In addition, to the riches of grace that God grants all human beings, he renews his special blessing whereby human beings are enabled to be fruitful and multiply. The ability to propagate is not granted automatically either to human beings or to other living creatures, but is given by the special blessing of God (cf. 1:28, 22). All forms of life come only from the working of God, who is the Lord over all life.
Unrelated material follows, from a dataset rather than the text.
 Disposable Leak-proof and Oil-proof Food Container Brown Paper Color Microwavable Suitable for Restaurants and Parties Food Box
Finally, in our text, there follows the account of God's establishment of the Noachic covenant. With no deserving on the part of human beings, God promises Noah and his descendants -- and therefore you and me -- that he will never again let the waters of the great tehom, of the great deep, cover the earth. That is, God will never again take back his creation and return the earth to its chaotic state, to its nothingness, to its void that it was before God spoke his creating world. By the goodness of God, the creation will remain, whether we deserve its preservation or not.
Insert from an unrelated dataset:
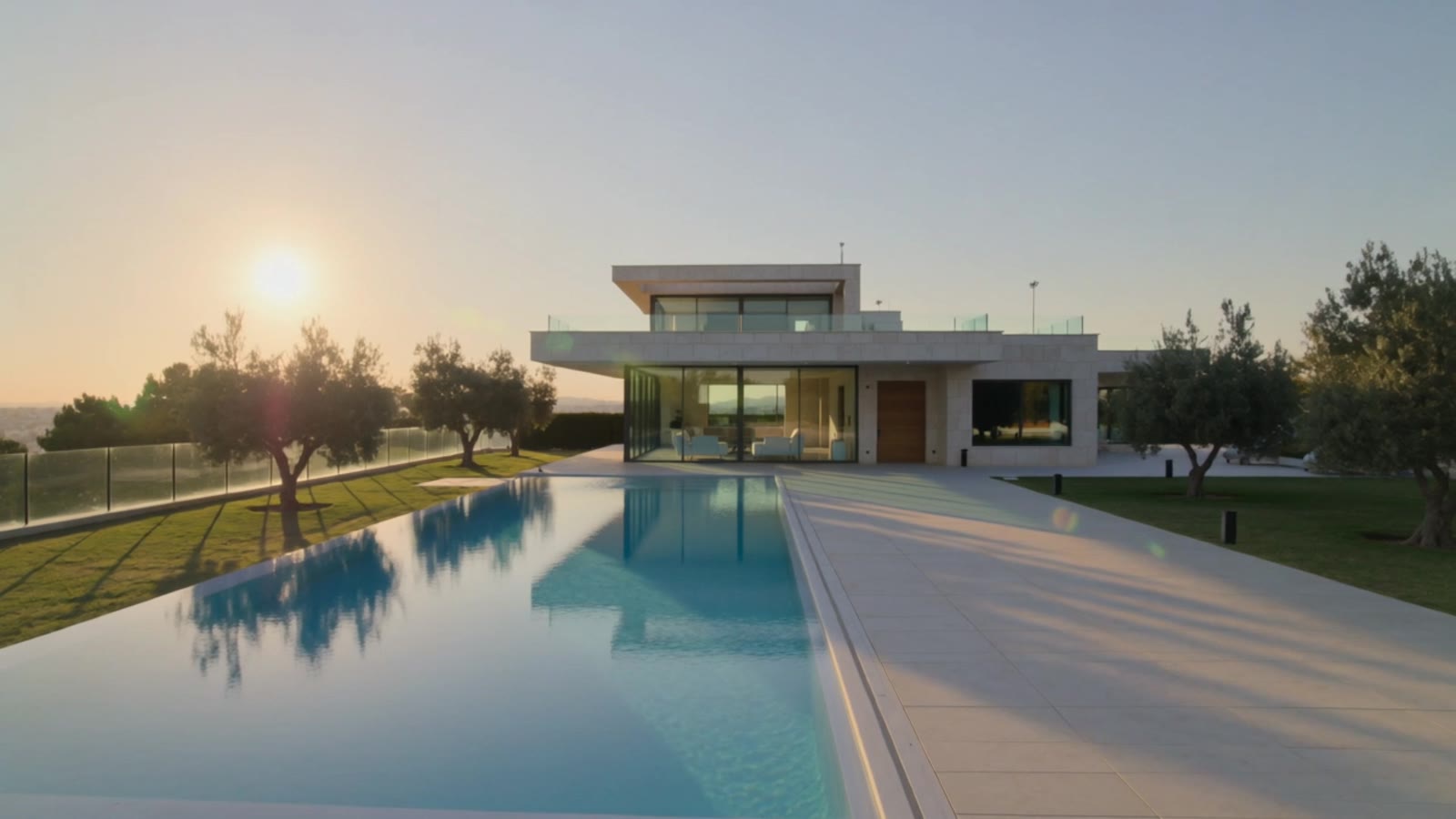 Gün doğumunda, zeytin ağaçları arasında modern bir villa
That promise is made not only to human beings, but to all living creatures, and God binds himself to his creation as the one who will preserve it. Further, as the sign of his promise, God sets his rainbow in the clouds -- the sign that though storm and chaos appear imminent, they are not the harbingers of God's destruction of his creation.
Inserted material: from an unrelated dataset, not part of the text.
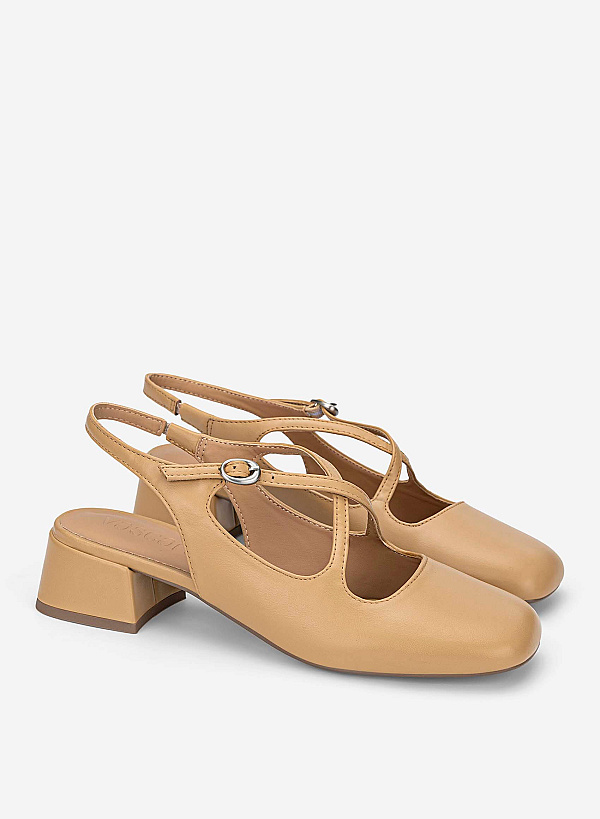 Round Toe Cross Strap Slingbacks - HIG 0714 - Beige - VASCARA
It's all the story of the attitude of a gracious God toward his creation gone bad. In his grief over our sinfulness, God has the power to take back his creation and to do away with all that he has made. The story of the flood makes that very clear. But it also makes clear that despite our continuing sin, God wishes life and good for us and for all his creatures. It makes clear that the grace of God finally prevails through all of his actions, and that we can have life and have it abundantly from his hand if we trust his grace and love.
Preaching The Psalm
Psalm 25:1-10
In his recent study on the Psalms, (Seeing the Psalms: A Theology of Metaphor [Louisville: Westminster John Knox Press, 2002]), William P. Brown asserts that while there are many metaphors used in the psalms, two overarching ones are "refuge" and "path." Both are equally important, says Brown, and both are metaphors for torah. Refuge symbolizes both the home and destiny for the righteous aspects of torah while path connotes movement and direction, the response to God's torah, the kind of conduct prescribed by the torah. Psalm 25 gives us opportunity to talk especially about that path.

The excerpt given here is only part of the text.